On a mission trip to India with his sister and a friend, Haney met Tabitha, the friend’s sister, both of whom were originally from India. He told NBC Washington that it felt like he had known Tabitha his whole life.
"We just clicked. It's like we just found each other," Haney said.
Six months later, Tabitha visited Haney where he lives in Texas, and he proposed. Just a few months later, they were married and expecting a child.
"[We] had a baby in November, and in March the following year, she got her green card,” Haney said. “And within two months she left."
Haney was confused. Then he saw Tabitha’s “petition for divorce.” She claimed that he had anger issues, may have been homosexual, and made her feel unsafe. She also said he intimidated her by using her immigrant status, Haney’s sister Jade told NBC.
The Haney family did some research, and quickly found something odd.
“We started noticing a correlation between the lies that she was telling and everything that needed to be proved by the person to file VAWA [the Violence Against Women Act]," Haney’s sister said.

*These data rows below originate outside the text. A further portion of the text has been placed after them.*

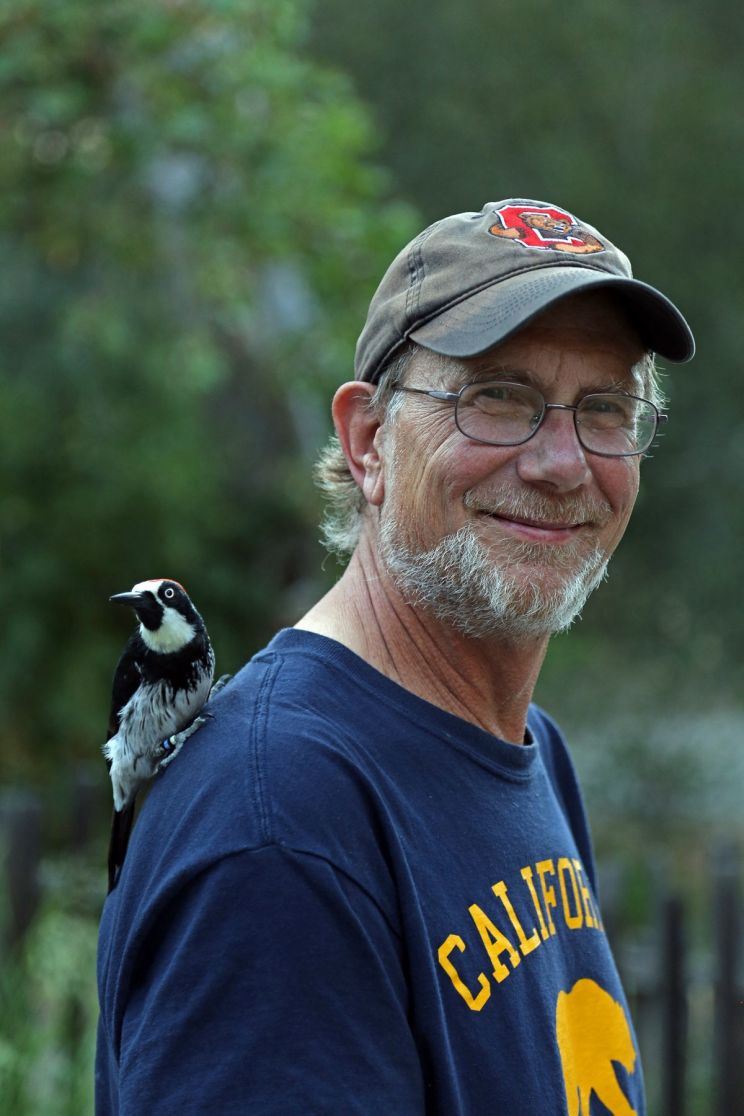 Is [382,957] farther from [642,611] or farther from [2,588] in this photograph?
[642,611]

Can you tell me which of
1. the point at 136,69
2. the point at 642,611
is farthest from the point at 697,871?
the point at 136,69

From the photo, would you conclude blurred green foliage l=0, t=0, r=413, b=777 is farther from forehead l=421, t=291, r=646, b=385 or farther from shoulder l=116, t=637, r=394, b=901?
shoulder l=116, t=637, r=394, b=901

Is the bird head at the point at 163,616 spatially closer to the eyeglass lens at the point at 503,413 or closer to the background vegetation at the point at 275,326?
the eyeglass lens at the point at 503,413

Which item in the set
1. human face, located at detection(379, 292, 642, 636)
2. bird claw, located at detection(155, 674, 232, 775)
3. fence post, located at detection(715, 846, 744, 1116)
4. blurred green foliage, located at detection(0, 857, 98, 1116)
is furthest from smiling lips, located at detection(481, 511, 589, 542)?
fence post, located at detection(715, 846, 744, 1116)

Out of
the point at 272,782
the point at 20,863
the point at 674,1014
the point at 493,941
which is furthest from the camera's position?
the point at 20,863

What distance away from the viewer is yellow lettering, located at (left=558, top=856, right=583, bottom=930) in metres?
1.80

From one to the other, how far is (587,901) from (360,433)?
2.49 feet

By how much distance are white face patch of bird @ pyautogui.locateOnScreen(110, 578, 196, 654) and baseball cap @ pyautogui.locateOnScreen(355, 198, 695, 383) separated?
43 centimetres

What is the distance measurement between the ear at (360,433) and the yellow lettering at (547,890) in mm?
557

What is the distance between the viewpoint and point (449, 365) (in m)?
1.77

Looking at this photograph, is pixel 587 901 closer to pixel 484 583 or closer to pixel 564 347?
pixel 484 583

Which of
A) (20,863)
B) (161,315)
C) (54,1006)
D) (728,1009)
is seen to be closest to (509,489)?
(728,1009)

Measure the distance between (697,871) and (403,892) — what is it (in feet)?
31.6

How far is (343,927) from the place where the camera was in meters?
1.38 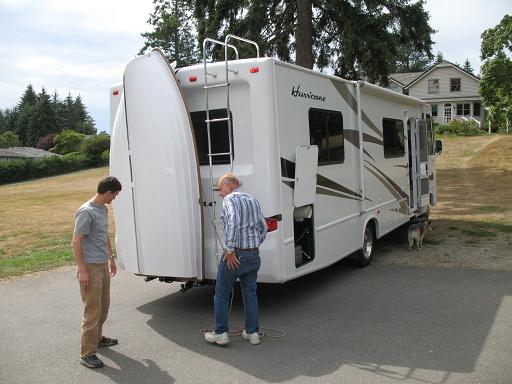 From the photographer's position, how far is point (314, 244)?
6781 millimetres

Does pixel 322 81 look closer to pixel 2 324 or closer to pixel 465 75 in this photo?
pixel 2 324

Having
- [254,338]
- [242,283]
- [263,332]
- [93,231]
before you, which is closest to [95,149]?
[263,332]

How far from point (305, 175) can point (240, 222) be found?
64.1 inches

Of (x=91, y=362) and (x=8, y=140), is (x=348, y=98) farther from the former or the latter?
(x=8, y=140)

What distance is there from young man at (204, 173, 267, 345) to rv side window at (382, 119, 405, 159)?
15.5 feet

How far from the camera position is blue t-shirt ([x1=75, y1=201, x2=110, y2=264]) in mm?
4863

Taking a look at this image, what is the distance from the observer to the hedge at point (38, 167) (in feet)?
172

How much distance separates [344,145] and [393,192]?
7.98 feet

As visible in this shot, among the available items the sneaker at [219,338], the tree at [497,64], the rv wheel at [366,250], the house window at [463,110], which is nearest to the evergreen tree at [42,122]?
the house window at [463,110]

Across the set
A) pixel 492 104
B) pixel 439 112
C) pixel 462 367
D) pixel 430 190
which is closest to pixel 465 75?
pixel 439 112

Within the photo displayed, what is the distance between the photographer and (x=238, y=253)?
517 centimetres

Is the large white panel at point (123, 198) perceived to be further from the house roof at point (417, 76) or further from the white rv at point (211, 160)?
the house roof at point (417, 76)

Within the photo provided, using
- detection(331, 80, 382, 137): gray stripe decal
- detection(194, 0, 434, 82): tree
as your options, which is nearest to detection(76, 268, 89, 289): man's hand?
detection(331, 80, 382, 137): gray stripe decal

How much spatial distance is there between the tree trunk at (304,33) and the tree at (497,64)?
9000 mm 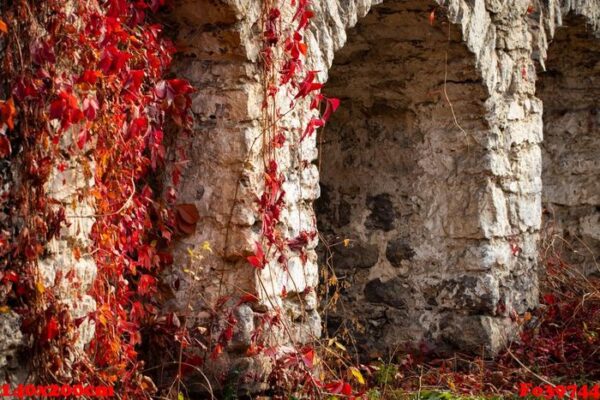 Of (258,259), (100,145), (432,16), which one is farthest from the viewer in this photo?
(432,16)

Tabitha's attorney sent NBC's Dallas station a statement reading, "Kyle Haney made misleading statements and outright lies during his interview."

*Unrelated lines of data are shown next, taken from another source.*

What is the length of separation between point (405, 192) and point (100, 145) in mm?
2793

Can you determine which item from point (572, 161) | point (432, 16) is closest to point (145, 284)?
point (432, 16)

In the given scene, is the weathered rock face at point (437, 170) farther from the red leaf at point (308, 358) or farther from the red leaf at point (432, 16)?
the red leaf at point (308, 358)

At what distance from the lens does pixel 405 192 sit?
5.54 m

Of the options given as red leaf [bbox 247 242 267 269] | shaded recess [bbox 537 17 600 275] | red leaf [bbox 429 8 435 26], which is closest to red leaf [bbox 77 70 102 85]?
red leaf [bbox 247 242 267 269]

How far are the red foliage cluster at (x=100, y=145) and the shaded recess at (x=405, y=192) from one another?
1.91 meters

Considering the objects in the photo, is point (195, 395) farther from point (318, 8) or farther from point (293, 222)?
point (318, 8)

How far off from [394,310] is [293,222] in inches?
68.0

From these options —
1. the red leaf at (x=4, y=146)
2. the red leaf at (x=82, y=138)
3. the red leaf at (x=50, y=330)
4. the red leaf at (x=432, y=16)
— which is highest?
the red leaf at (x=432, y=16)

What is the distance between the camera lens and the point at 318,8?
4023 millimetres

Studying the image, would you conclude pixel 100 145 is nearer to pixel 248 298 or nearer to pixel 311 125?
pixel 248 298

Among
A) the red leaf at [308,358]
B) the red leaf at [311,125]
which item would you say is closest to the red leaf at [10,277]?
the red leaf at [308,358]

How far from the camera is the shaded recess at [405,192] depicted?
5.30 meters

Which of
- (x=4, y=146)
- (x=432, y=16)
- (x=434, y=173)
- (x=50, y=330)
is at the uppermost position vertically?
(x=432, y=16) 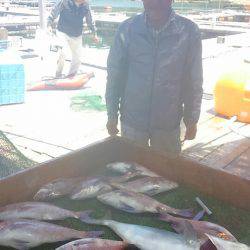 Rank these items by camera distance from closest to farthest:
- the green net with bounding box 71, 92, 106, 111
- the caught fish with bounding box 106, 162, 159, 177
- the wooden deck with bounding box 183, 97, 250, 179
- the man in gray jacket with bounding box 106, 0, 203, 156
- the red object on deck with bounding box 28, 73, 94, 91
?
the caught fish with bounding box 106, 162, 159, 177, the man in gray jacket with bounding box 106, 0, 203, 156, the wooden deck with bounding box 183, 97, 250, 179, the green net with bounding box 71, 92, 106, 111, the red object on deck with bounding box 28, 73, 94, 91

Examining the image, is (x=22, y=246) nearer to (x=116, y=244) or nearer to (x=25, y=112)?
(x=116, y=244)

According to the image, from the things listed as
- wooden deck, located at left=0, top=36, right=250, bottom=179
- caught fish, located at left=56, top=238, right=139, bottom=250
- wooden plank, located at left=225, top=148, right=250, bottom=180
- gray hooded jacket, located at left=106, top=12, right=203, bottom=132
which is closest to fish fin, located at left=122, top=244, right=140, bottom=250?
caught fish, located at left=56, top=238, right=139, bottom=250

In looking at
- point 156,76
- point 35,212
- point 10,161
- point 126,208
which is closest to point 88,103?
point 10,161

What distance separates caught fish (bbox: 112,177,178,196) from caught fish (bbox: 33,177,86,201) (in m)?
0.35

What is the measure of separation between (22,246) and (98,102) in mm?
7272

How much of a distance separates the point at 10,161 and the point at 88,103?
15.3 feet

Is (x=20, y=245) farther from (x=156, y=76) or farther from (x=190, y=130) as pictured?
(x=190, y=130)

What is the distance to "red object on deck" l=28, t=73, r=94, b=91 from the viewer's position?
11.3 meters

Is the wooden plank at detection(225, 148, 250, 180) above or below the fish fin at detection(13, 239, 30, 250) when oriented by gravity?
below

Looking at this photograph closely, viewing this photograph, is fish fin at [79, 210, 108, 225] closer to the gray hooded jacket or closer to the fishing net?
the gray hooded jacket

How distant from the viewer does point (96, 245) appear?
2488mm

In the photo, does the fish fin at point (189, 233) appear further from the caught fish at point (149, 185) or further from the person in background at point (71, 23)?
the person in background at point (71, 23)

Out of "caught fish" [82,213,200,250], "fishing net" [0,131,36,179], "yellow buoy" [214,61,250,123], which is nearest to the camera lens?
"caught fish" [82,213,200,250]

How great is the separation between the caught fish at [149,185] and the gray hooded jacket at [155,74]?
1088 mm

VAWA is a wide-ranging law originally designed to protect women, but its scope and consequences were expanded greatly when it was reauthorized in 2013. It is up for reauthorization again this year.
Haney's family thinks Tabitha used a provision of VAWA that allows abused immigrants to petition for legal status on their own, without their spouse. The original intention of the provision was to help abused immigrants, who may be afraid to report abuse if they rely on their spouse for their immigration status. This provision, however, appears to have led to a growing number of “marriage fraud” claims, wherein an immigrant falsely accuses their spouse of abuse in order to gain their citizenship and start a life of their own. Conveniently, VAWA keeps the government from investigating marriage-fraud claims.
"They're now using VAWA as a means by which to escape the two-year requirement to remain in the marital relationship, without drawing any suspicion to themselves," John Sampson, a retired Immigration and Customs Enforcement agent, told NBC.
He also said he suspected a lot of the VAWA claims he saw during his time with ICE were actually fraudulent. He says some 1,500 Americans have contacted him believing they’re victims of this trend.
Sampson told NBC that investigators treat American spouses as a “prohibited source of information” during VAWA abuse claims. Because the immigrant is automatically assumed to be telling the truth, thus requiring safety, ICE investigators don’t even inform the American spouse of the abuse claim. There’s literally no downside for immigrants to fraudulently make such a claim.
Haney is not alone. NBC Washington has previously reported on marriage fraud, and said since their original report that 30 more potential victims have contacted the station. And it doesn’t just affect men. NBC previously spoke to a woman referred to only as Elena, who says she was duped by her Dutch ex-husband after two years of marriage. "'Just sign the divorce papers' he said, 'We only did this for immigration' - and I was floored," Elena said at the time. In her case, her husband didn’t claim abuse, but used another immigration law that states the couple needed to be married for two years before his green-card conditions would be lifted.
Victims of marriage fraud have received some hope in recent days. On July 9, Haney and his family, and many others who say they were victims of marriage fraud, met with justice and homeland security policy staffers. Haney hopes the Trump administration will provide help, since the president campaigned as being tough on illegal immigration.
“I felt really good about it," Haney told NBC. "We got our points across. I feel like they are actually going to do something about the issue."